Brief descriptive captions
*****

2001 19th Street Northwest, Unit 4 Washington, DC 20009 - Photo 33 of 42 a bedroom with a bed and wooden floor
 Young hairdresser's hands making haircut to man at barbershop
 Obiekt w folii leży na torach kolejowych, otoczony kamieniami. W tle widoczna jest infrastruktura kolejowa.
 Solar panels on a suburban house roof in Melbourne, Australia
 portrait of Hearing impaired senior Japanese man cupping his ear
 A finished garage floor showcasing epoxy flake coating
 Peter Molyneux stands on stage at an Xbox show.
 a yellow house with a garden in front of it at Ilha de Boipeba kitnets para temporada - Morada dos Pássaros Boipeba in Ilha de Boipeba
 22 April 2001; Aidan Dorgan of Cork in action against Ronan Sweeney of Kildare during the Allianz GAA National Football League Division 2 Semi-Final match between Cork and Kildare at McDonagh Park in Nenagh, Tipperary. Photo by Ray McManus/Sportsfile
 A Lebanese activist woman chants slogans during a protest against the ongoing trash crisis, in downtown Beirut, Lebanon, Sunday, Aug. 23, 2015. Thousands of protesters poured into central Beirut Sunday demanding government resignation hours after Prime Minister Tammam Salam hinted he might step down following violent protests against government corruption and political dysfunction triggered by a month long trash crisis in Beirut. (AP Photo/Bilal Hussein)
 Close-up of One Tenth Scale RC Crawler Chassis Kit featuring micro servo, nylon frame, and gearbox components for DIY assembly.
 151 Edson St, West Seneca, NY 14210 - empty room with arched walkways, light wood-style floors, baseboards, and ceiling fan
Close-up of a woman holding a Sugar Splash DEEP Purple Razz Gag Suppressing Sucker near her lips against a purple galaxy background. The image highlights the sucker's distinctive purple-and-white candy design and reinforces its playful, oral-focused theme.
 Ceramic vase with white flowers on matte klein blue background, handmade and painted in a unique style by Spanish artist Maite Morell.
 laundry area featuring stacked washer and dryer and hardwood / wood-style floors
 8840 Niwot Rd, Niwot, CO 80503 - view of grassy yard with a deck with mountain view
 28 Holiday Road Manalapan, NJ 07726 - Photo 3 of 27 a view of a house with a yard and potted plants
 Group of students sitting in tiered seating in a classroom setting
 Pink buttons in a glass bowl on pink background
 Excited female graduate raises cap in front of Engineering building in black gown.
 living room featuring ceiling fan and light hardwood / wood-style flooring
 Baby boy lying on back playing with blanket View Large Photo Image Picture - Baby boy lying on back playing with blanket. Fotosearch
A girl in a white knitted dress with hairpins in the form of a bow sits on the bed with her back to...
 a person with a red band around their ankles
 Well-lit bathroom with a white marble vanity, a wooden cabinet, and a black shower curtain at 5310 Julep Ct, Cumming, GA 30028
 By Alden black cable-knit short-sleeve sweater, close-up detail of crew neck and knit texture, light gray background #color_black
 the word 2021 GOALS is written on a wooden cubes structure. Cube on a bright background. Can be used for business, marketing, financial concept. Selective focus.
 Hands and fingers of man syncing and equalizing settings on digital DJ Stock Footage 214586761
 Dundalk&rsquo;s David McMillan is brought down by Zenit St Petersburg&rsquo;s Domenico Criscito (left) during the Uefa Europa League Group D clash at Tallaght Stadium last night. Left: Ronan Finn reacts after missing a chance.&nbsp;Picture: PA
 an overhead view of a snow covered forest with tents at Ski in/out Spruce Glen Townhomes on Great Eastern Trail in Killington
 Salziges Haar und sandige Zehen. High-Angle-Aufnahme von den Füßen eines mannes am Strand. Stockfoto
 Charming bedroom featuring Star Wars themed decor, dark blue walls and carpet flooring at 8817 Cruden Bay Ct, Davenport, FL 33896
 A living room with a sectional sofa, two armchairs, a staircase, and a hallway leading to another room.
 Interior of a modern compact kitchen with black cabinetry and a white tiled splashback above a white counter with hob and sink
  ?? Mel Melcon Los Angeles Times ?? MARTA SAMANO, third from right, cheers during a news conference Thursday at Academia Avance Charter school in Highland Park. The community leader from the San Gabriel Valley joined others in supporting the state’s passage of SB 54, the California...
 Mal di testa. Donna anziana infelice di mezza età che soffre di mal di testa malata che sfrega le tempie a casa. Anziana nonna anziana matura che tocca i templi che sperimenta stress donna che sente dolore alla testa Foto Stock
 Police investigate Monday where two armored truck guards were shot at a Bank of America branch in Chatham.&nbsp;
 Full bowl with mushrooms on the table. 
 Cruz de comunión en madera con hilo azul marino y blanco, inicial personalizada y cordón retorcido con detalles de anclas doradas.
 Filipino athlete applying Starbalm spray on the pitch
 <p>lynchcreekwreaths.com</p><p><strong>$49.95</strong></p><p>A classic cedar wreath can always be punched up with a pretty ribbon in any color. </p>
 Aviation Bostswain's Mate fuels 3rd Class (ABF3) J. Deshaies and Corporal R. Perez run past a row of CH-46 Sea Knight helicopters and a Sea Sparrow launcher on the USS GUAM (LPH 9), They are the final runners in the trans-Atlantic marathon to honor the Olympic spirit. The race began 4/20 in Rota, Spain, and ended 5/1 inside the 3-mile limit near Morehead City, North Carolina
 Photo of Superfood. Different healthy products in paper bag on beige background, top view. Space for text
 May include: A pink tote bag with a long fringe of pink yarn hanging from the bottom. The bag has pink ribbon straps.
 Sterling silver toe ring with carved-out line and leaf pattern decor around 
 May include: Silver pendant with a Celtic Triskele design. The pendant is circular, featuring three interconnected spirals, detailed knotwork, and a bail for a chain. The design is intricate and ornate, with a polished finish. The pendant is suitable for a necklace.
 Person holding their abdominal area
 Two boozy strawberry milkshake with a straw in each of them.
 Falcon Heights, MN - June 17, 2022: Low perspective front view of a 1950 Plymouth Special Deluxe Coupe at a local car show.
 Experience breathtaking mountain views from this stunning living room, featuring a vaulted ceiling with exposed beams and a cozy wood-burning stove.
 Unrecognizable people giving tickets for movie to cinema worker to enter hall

*****

--- To do ---
Retrieve each line from the records above where the word "near" occurs.

--- Output below ---
Close-up of a woman holding a Sugar Splash DEEP Purple Razz Gag Suppressing Sucker near her lips against a purple galaxy background. The image highlights the sucker's distinctive purple-and-white candy design and reinforces its playful, oral-focused theme.
 Aviation Bostswain's Mate fuels 3rd Class (ABF3) J. Deshaies and Corporal R. Perez run past a row of CH-46 Sea Knight helicopters and a Sea Sparrow launcher on the USS GUAM (LPH 9), They are the final runners in the trans-Atlantic marathon to honor the Olympic spirit. The race began 4/20 in Rota, Spain, and ended 5/1 inside the 3-mile limit near Morehead City, North Carolina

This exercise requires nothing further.